Enfin, l’article dû à Pierre Journoud est consacré à l’évolution de la marine vietnamienne. Consciente de l’asymétrie de ses capacités, elle n’en identifie pas moins la Chine comme la principale menace potentielle actuelle en raison de ses ambitions de souveraineté en Mer de Chine orientale, où deux archipels revendiqués par le Vietnam son également convoités par son puissant voisin. Cette perception détermine un effort matériel d’armement et de modernisation, destiné à acquérir une capacité de guérilla maritime du faible au fort. Il est conforté par la mise en œuvre d’une culture officielle du patriotisme naval s’appuyant sur les fastes victorieux d’un passé lointain où furent écrasées de flottes d’invasion chinoises, et sur les actions maritimes plus récentes de la petite composante navale des troupes de l’APV contre les Français puis les Américains.

Les travaux de recherche des «jeunes pousses» de l’histoire maritime

Introduit par Jean-Pierre Poussou, cet ensemble de contributions compose un état des lieux varié et alléchant des chantiers étudiés par six doctorants et deux nouveaux docteurs ayant récemment soutenu leur thèse. Vitalité et originalité caractérisent ce tour d’horizon de sujets en devenir. Les thématiques d’histoire moderne sont les plus nombreuses : «La navigation sur la Vilaine à l’époque moderne», «La première raffinerie de sucre à Nantes au XVIIe siècle» «Rochefort et les colonies au XVIIIe siècle», ou encore «Le port de Granville et la guerre de course». La période contemporaine est représentée par les recherches consacrées aux «armements à la pêche industrielle rochelaise au début du XXe siècle», aux «Bordelais du bout du monde», sur le parcours comparé de deux grandes dynasties négociantes engagées dans le commerce colonial, et à la vie et aux entreprises de Félix Amiot, capitaine d’industrie autodidacte et créatif passé de la construction aéronautique à la construction navale. Parmi toutes ces perspectives prometteuses, un exposé sur «Les ancres à jas de la façade atlantique de l’Antiquité au milieu du XXe siècle» se démarque particulièrement par l’originalité de son positionnement, à la convergence entre histoire des techniques et archéologie navale.

Un autre article signé par un des jeunes chercheurs concernés, Sébastien Martin, est ensuite proposé au titre des « Varia ». Il formule une très originale évocation de «L’exotisme d’une ville-arsenal au XVIIIe siècle» à travers le cas de Rochefort, porte des colonies atlantiques par laquelle les êtres, les objets et l’imaginaire exotiques et étranges provenant des « ailleurs » de l’outre-mer débarquèrent dans le royaume.
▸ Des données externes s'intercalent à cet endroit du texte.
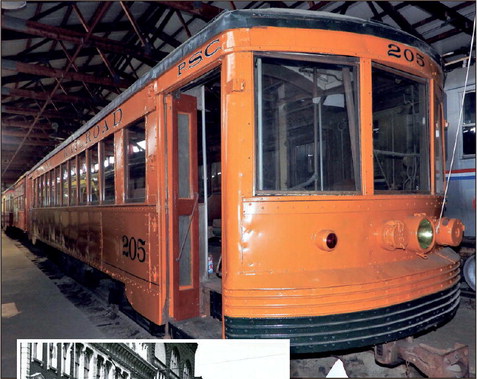 Car 205 is now preserved, with its exterior restored, in the Illinois Railway Museum in Union, near Chicago. Courtesy George Krambles Archives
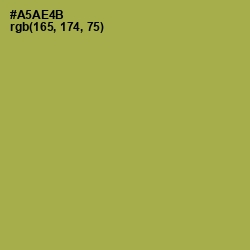 #A5AE4B - Olive Green Color Image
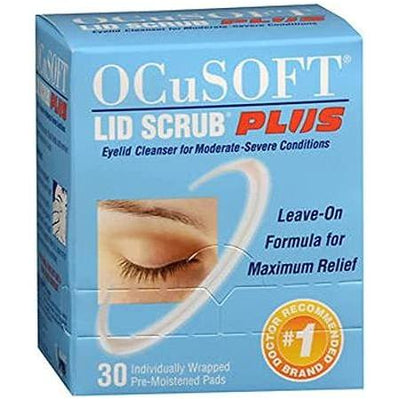 OCuSOFT Lid Scrub Plus - 30 Pads for Eye Care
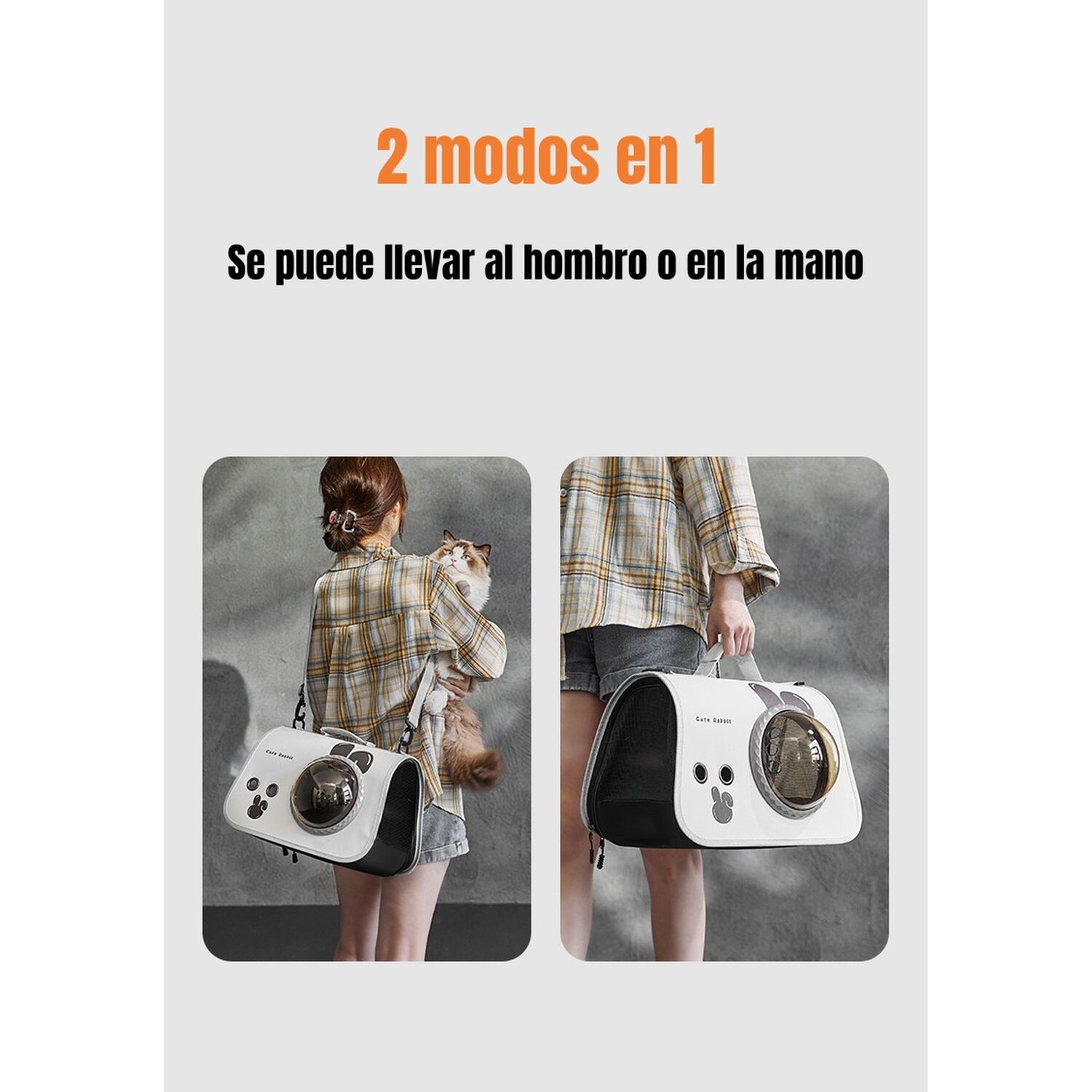Bolso Transportador De Mascotas Atenea 2 En 1 By Lubabycas image number 2.0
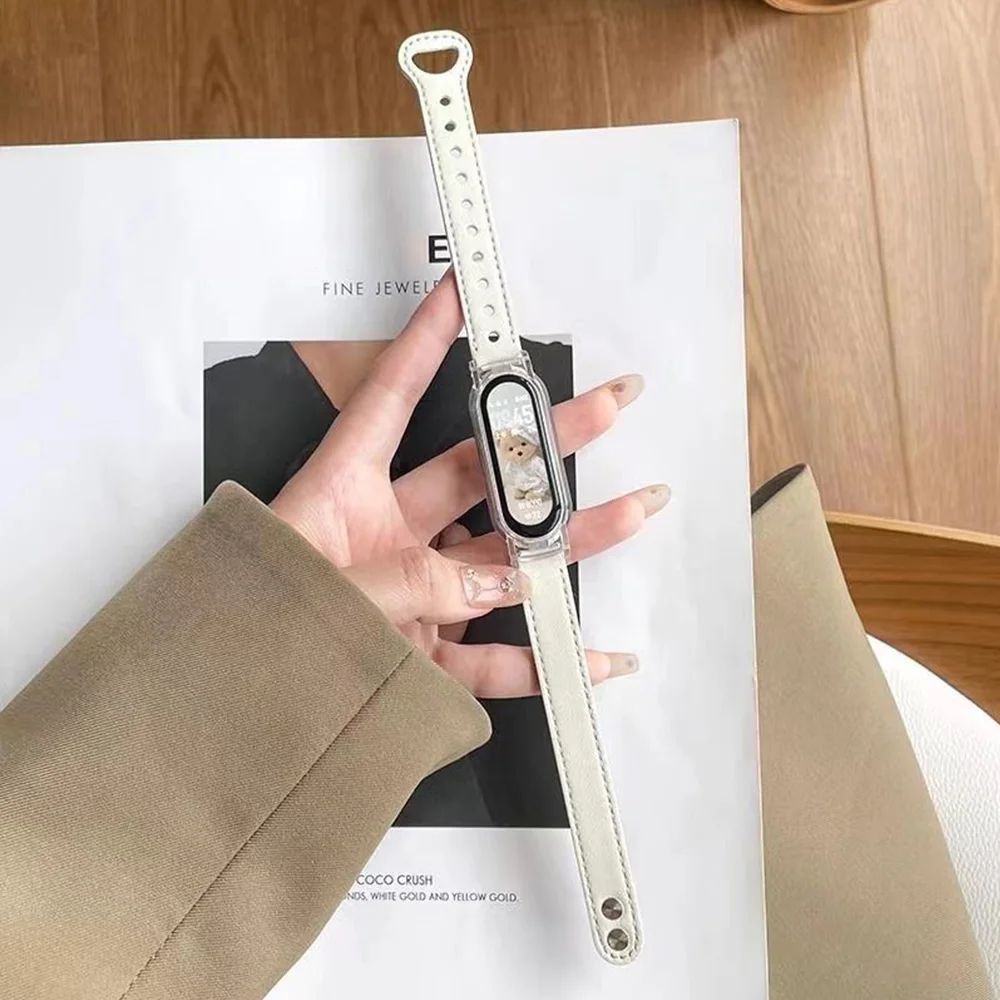 Premium Double Nails Leather Watch Band - New Design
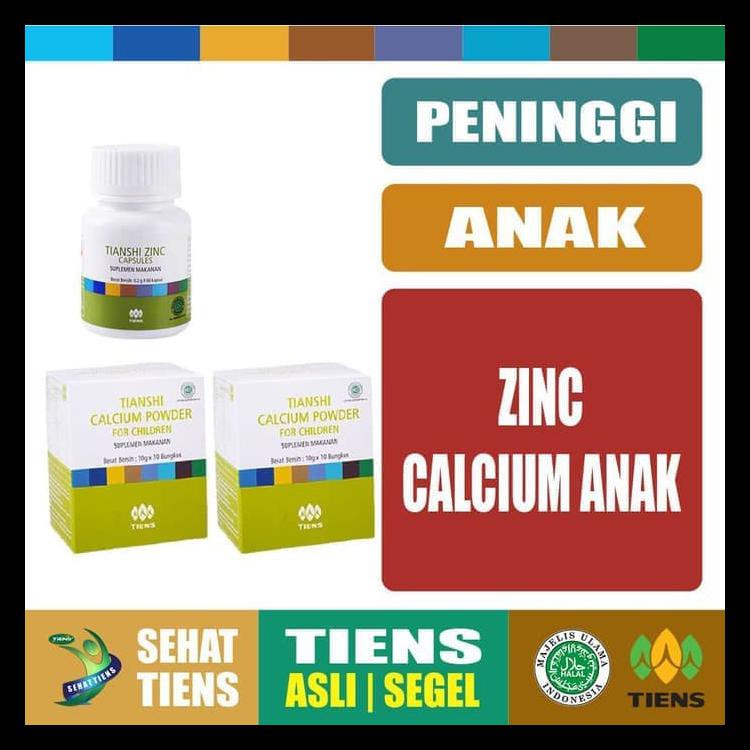 

BIG SALE Peninggi Badan Tiens REMAJA 20 Hari 2 Susu Kalsium Children 1 Zinc ORI TERBARU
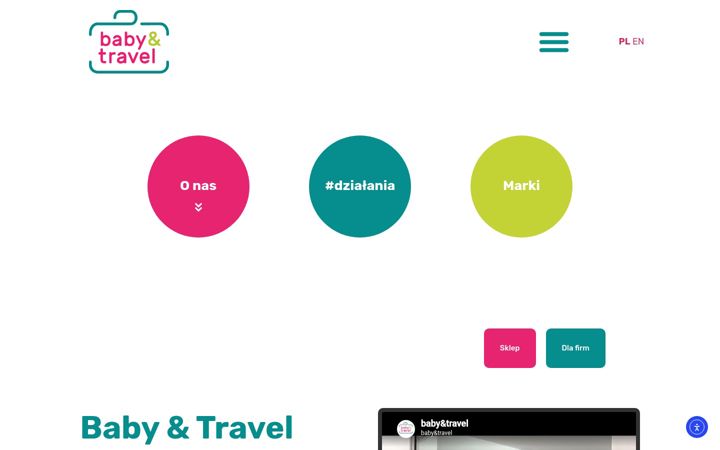 Screenshot of babyandtravel.pl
Le spectacle urbain et portuaire imprégné par cette ambiance coloniale créa un sas propice aux voyageurs et aux migrants. La carrière, les alliances familiales et les intérêts économiques des personnels de la Marine furent marqués par de fréquents chevauchements transatlantiques. Les besoins et ressources des colonies stimulèrent l’activité économique et l’ouverture des mentalités. Enfin, Sébastien Martin évoque avec bonheur le spectacle des « curiosités du monde » résultant du passage de plantes, animaux, produits et odeurs exotiques. En définitive, on discerne dans la vie quotidienne, la société et la culture des Rochefortais les signes d’une « américanisation » discrète mais indéniable au contact du monde colonial.
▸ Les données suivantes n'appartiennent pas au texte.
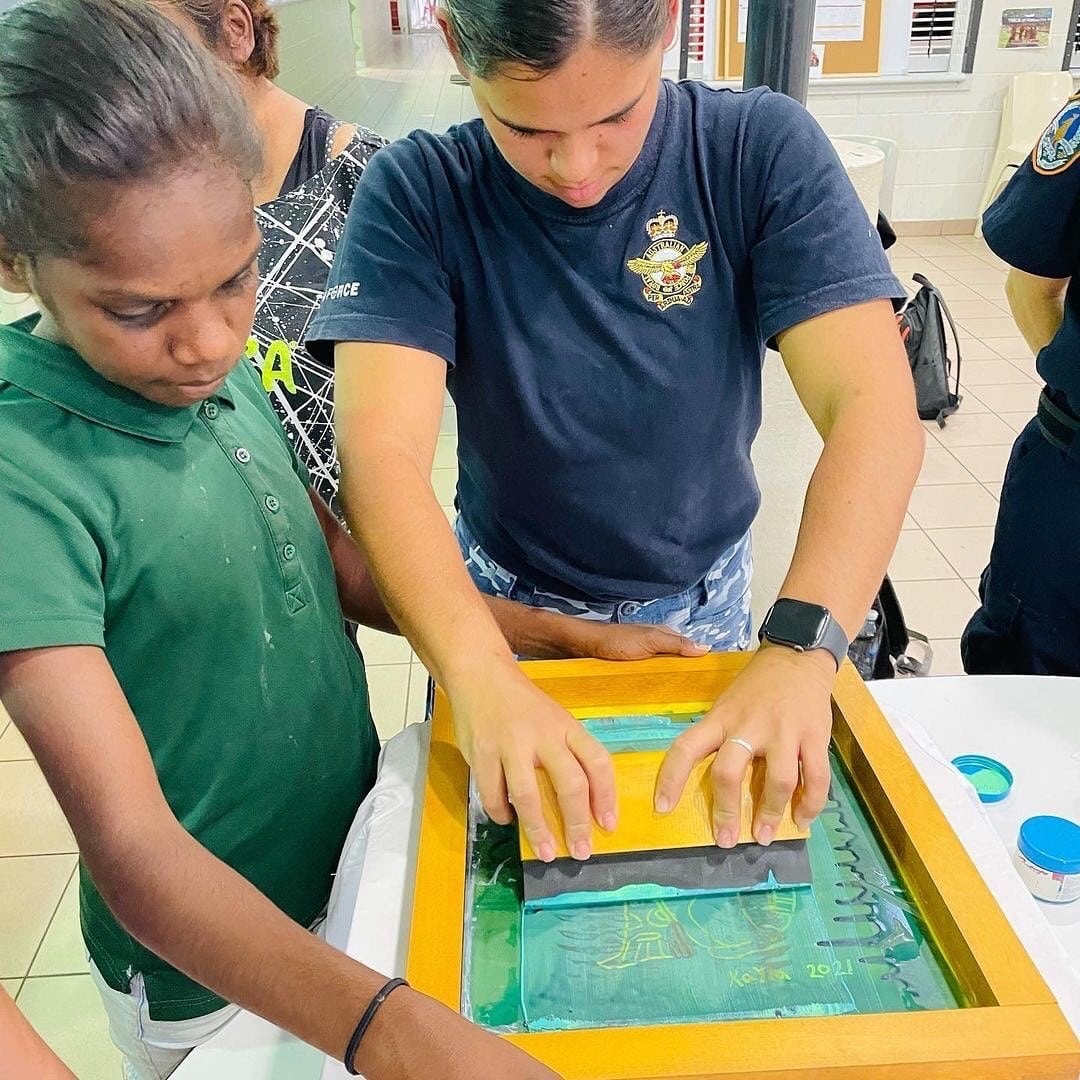 Screen Printing Classes for Katherine Students Permaset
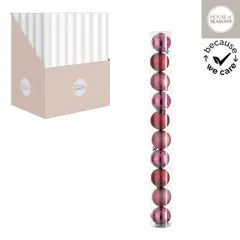 საახალწლო სათამაშო ბურთი ბორდოსფერი 6 სმ 10 ც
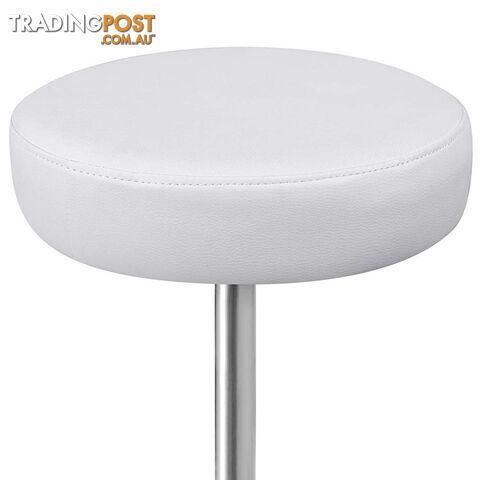 Round PU Swivel Salon Stool White - photo 3 of 7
Précédant trois recensions d’ouvrages, l’hommage nécrologique rendu par Jean-Pierre Poussou au personnage surdoué et flamboyant de Hervé Coutau-Bégarie et à son immense puissance de synthèse conclut cette très belle livraison. Naviguant harmonieusement entre géopolitique navale, horizons lointains et réalités portuaires, le contenu de ce numéro honore ainsi avec distinction le statut de publication de référence de la Revue d’Histoire Maritime.